Thank you, ouch that's mean lol


----------



## performanceknls (Apr 4, 2009)

one sexy momma! lol looks great! I'm too conservative now but when I was younger I can totally see me doing that! lol


----------



## buzhunter (Sep 3, 2007)

I like it.


----------



## BittersweetEmbrace (Feb 24, 2010)

You remind me of Brittany Murphy but waaaay prettier lol  Luvin it


----------



## 9361 (Jun 25, 2009)

You look beautiful darling!  When I went to Cali I tried to bleach my black hair and then dye it a wine red.... it came out HOT PINK! haha It was fun while I was there but when I got home I had my stylist fix it. Pink tips are one thing but not your whole head! LOL


----------



## CraziNate (Oct 15, 2009)

Woah wah we wa! Very Nice!


----------



## meganc66 (Mar 6, 2009)

Nice! Whenever I dye my hair it's just .... brown. LOL. 

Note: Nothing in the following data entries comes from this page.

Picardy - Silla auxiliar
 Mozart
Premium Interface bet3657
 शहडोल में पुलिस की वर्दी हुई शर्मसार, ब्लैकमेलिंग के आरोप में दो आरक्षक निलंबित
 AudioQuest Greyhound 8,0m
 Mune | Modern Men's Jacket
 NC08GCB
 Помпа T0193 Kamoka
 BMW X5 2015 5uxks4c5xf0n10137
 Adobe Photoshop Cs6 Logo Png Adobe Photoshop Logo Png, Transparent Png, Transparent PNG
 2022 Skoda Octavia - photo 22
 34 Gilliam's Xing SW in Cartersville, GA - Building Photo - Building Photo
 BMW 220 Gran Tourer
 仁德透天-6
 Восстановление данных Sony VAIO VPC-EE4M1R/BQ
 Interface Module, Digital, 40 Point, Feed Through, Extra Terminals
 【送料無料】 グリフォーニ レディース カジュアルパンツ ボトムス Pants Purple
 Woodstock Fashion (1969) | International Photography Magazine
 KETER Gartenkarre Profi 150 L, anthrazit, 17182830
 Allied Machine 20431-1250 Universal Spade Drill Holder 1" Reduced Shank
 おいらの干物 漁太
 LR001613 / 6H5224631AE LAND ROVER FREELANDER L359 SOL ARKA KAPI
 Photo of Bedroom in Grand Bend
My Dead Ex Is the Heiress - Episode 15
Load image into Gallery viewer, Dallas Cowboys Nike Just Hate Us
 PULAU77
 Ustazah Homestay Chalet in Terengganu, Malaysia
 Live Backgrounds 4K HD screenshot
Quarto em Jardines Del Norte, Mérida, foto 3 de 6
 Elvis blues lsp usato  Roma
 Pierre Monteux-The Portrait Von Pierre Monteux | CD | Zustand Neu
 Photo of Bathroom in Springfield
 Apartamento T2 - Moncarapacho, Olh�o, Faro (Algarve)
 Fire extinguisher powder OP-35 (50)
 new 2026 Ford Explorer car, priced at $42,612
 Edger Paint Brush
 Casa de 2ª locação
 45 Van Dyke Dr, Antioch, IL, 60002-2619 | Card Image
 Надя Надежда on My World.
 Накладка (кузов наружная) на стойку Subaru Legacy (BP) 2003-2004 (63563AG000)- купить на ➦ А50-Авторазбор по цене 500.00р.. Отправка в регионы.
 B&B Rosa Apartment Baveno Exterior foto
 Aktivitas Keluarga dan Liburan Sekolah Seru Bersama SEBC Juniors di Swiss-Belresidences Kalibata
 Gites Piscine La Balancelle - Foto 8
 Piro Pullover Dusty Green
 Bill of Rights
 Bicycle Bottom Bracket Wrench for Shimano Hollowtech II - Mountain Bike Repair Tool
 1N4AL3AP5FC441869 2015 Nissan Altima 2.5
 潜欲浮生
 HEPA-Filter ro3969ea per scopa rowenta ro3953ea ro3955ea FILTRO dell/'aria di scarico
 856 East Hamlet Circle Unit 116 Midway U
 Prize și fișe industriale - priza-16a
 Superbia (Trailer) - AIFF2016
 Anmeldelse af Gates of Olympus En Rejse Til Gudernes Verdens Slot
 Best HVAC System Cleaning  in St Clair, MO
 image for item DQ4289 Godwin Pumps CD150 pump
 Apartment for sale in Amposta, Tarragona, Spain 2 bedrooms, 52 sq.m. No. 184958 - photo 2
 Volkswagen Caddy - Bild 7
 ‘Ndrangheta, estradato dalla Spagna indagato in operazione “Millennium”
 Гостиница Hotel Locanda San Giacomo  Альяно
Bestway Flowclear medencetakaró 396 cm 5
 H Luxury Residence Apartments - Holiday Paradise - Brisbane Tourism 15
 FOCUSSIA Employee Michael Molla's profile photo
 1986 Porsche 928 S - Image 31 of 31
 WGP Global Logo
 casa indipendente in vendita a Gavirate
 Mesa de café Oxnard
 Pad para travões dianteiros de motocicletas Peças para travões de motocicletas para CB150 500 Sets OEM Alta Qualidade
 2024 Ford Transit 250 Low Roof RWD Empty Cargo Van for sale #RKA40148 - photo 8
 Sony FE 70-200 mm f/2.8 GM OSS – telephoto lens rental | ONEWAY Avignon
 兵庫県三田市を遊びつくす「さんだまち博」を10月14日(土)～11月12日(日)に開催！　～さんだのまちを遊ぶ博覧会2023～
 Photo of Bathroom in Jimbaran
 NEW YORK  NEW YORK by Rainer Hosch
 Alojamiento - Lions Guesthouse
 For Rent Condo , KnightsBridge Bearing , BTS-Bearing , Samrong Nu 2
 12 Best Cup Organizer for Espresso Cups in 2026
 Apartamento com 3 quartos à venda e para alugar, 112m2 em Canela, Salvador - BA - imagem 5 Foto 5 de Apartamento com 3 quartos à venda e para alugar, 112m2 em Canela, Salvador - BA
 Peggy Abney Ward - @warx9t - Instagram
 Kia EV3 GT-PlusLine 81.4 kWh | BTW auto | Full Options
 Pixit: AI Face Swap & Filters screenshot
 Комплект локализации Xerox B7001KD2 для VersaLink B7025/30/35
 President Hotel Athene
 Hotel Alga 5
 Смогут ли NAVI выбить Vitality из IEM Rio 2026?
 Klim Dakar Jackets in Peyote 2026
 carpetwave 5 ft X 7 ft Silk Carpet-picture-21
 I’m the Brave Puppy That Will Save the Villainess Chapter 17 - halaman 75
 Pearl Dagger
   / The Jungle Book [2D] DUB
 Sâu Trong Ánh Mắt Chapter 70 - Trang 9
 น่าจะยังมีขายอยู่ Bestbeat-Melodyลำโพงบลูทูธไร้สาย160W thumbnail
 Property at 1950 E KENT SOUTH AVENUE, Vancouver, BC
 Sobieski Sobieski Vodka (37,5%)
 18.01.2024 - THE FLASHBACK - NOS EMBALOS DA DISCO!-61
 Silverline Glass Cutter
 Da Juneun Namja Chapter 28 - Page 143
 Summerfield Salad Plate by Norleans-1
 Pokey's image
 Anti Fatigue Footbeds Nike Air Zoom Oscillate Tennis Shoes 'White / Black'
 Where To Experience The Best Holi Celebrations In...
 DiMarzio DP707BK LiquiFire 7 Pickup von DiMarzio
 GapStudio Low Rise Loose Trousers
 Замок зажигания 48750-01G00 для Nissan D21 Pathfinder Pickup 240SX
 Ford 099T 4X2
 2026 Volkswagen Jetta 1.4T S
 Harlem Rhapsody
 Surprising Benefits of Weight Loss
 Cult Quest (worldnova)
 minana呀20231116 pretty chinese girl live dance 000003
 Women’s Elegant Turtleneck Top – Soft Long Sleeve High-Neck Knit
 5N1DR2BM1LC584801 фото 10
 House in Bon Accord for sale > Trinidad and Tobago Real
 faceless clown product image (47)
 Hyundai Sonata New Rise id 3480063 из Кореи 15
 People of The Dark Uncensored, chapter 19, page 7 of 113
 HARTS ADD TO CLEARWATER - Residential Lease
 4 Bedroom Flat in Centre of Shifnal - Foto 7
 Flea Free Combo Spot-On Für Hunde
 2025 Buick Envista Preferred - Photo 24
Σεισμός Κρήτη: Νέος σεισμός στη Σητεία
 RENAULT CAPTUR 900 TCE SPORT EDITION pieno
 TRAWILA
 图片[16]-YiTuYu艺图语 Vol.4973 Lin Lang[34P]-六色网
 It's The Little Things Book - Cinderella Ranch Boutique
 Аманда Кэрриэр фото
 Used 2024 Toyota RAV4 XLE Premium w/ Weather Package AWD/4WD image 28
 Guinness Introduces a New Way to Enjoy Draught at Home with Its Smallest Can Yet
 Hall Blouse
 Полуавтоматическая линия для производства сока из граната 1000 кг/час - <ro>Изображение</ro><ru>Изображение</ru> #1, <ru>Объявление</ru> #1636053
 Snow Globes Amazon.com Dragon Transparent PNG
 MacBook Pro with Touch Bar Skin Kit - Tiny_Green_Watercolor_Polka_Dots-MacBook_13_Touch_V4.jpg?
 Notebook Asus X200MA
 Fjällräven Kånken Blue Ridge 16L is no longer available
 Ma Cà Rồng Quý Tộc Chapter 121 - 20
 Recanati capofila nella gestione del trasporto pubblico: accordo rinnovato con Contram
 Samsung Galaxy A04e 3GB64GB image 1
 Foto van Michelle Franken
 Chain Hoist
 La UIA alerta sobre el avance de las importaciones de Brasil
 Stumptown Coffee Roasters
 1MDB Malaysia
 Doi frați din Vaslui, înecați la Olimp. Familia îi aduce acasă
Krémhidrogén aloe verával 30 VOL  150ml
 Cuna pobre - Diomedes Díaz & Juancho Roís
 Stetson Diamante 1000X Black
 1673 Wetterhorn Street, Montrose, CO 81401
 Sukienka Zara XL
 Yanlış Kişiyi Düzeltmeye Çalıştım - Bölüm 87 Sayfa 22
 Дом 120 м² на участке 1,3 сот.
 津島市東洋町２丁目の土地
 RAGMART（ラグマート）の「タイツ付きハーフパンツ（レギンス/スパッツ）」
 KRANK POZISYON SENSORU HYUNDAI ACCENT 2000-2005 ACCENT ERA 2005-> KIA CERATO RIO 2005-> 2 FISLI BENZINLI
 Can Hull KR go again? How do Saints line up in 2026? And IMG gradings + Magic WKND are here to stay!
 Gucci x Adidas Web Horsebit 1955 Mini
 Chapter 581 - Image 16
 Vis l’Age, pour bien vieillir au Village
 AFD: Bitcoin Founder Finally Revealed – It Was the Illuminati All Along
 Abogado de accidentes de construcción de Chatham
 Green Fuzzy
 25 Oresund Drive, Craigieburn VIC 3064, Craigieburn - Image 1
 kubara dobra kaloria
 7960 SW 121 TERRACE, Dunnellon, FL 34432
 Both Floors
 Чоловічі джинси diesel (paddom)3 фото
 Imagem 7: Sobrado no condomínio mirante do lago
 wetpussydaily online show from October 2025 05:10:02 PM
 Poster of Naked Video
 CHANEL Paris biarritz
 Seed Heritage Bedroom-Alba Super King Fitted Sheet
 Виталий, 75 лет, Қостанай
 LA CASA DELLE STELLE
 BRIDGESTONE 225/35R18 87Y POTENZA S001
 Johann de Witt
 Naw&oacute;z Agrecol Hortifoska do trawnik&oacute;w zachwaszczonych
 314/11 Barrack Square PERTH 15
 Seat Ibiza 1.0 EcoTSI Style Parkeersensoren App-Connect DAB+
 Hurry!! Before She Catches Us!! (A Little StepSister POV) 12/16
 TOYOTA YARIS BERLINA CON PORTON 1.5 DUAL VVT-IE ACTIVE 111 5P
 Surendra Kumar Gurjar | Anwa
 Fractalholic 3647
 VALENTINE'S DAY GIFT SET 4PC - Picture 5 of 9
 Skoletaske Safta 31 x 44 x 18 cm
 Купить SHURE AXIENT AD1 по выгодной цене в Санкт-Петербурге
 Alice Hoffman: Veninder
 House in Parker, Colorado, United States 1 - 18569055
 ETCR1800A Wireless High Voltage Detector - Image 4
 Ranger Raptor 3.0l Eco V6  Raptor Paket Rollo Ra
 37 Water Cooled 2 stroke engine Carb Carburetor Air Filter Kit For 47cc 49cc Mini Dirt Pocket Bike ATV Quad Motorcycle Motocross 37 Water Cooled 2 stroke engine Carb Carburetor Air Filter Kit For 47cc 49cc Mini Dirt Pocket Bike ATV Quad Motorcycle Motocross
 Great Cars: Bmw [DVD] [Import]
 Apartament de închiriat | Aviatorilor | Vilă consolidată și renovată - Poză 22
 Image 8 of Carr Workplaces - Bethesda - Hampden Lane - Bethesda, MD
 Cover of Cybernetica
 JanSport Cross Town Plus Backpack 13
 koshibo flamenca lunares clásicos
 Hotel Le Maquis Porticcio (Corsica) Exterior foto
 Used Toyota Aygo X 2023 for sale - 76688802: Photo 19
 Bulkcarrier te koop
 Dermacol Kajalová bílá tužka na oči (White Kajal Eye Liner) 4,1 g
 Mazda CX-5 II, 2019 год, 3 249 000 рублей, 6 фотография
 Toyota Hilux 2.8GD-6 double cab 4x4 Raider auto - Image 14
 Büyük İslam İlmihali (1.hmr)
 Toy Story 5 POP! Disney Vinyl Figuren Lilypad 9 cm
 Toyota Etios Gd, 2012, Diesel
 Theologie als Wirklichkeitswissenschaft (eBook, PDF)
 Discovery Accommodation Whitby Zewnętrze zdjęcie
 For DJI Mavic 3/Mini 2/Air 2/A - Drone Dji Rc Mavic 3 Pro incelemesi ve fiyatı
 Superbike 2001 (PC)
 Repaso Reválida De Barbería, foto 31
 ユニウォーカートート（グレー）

One day I'll get some color going on in there, love it!! Did they curl it, it looks curled!


----------



## Czar (Nov 11, 2009)

u got ya hair did


----------



## Chinadog (Sep 14, 2009)

very cute, I love the cut.. layered? Ive cut my hair off while i was prego, still waiting for it to grow out  lol


----------



## MetalGirl30 (Apr 15, 2008)

kg420 said:


> Thanks Carley I love the pink too It faded out and I've been dying to have it back
> OMG my Monroe piercing looks like a booger in the first pic lol.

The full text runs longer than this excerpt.